I had most of last week off from work, so despite spending more time in front of my screens at home than anyone probably should, I find myself with less to blog about than I would like.
I met a potential new coworker on Monday morning and finally got to see more of campus, including the turtle pond. The turtles reminded me of Testudo. I miss Maryland.
On Wednesday, I was able to meet up in person with the people from Austin Catholic New Media and signed on as one of their featured bloggers! It is so flattering to be asked to join the community. Even if you’re nowhere near Austin, I encourage you to check out the site. The discussions there definitely apply across diocesan boundaries.
On Thursday, I hung out with some great people from a diocese-wide Catholic young adults group I’ve joined. I’ve only been to a few events so far, but the people are really friendly. It’s good for me to be among Catholic people roughly my age who are only coincidentally connected to my work. I miss being part of an intentional Christian community, so I find a particularly sweet joy in building up that community again here in Austin.

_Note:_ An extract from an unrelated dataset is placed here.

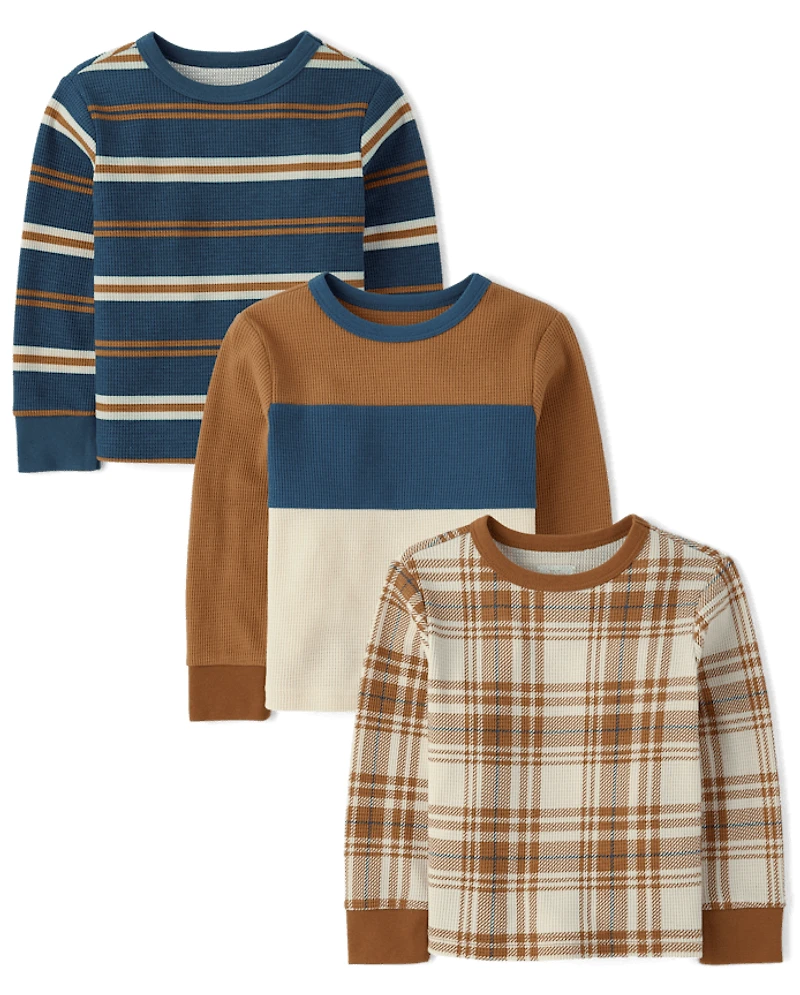 Baby And Toddler Boys Colorblock Thermal Top 3-Pack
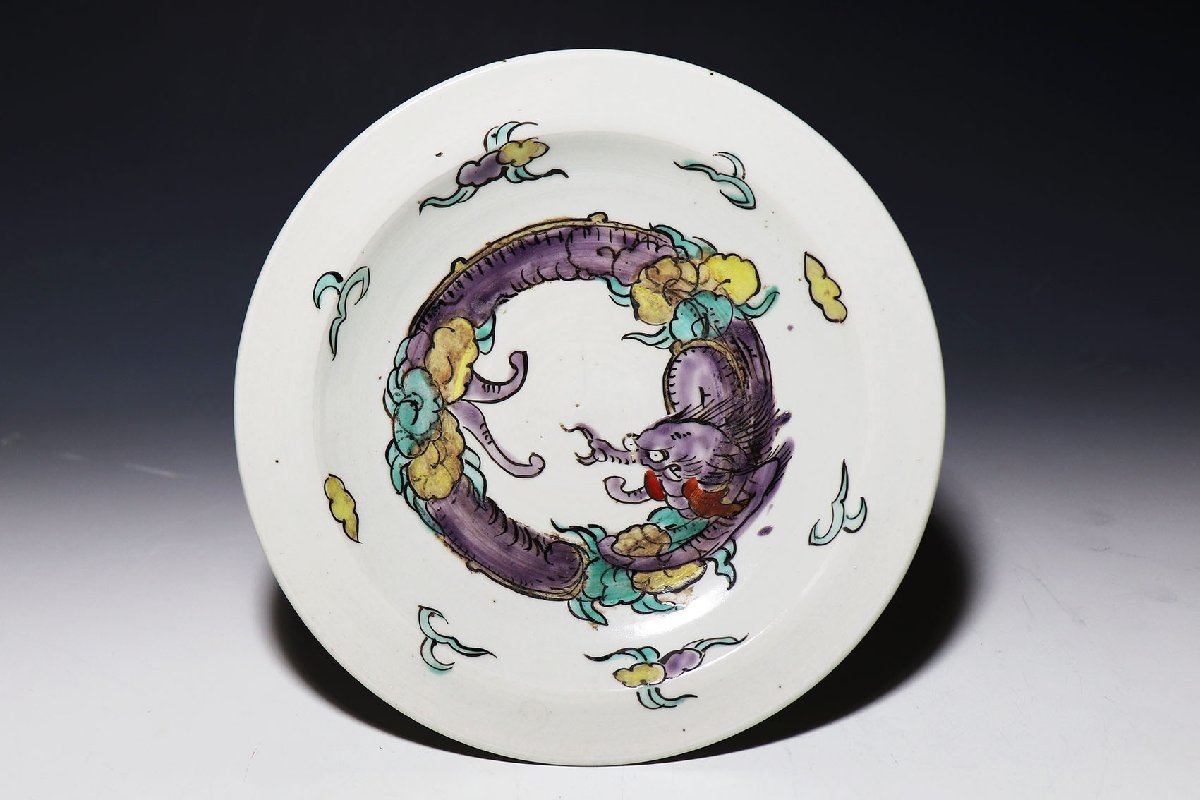 古伊万里　色絵　松竹梅に団龍紋の図　５寸皿　５枚　C657AS-CQk 桃】古伊万里：色絵団龍紋様皿 古伊万里 膾皿 -古伊万里 5寸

On Friday, I recovered from being rained out the previous Friday and went to see Love’s Labour’s Lost in Zilker Park. The parks commission sponsors a free Shakespeare play and a free musical in the park’s theater every summer, and the weather has usually started to cool into the 80′s by then, so it’s a great way to spend an evening. I even ran into people I knew (on both trips), so I had buddies. However, I should admit that I have a theory that going with people to movies or theater is just this side of pointless. You can’t talk for most of the experience. It is nice to have someone to chat with during the sanctioned breaks, though.
Austin Shakespeare decided to give the canonical Love’s Labour’s Lost text a beach blanket bingo twist by setting it on the California coast in 1963. It was definitely different, but I loved it. The scenery fit perfectly with the open-air summer theater. The costumes must have been uncharacteristically comfortable; when the actors came out for their talkback, they were still in costume. I have never read this play, but my familiarity with and love for Shakespeare (and having read a synopsis ages ago) made it easily accessible. I’m not sure how others took it. I noticed considerable audience melt at intermission, but part of that may have been because people didn’t realize how long Shakespeare plays run and partly because there were a lot of small children present. I was in it for the long haul, though, and we got to move down to a more comfortable patch of grass because the people in front of us vacated.
Two aspects of this production stood out to me. First, I was enchanted by the use of 60′s songs and motifs. All of the songs in the play (there are several) plus a few sonnets were sung to the tune of Vegas big band standards, the Beach Boys, and even Bob Dylan. Mote, the page, appeared in various little-kid costumes from a cowboy to a spaceman to James Bond. The princess and her attendants had their chaperone, of course, but he could have easily doubled as Sinatra. Even the parson came with a guitar and a hint of grooviness. (Oh, Vatican II.) Second, I loved the women’s swimsuits, which they wore for the last two acts. They were colorful, fun, and so very modest. I realize that is just a sign of the times, but those styles should definitely make a comeback. Overall, it was a fantastic show, and I’m excited for Footloose in July, Hamlet in the fall, and next summer’s Bollywood Twelfth Night.
I ended the week last night by playing Apples to Apples and Mafia (the latter of which got very complicated very quickly) with another new group of friends. It was the best night I’ve had in a very long time, and it capped off a great week. I do love my job, but it’s so good to finally have time to just live.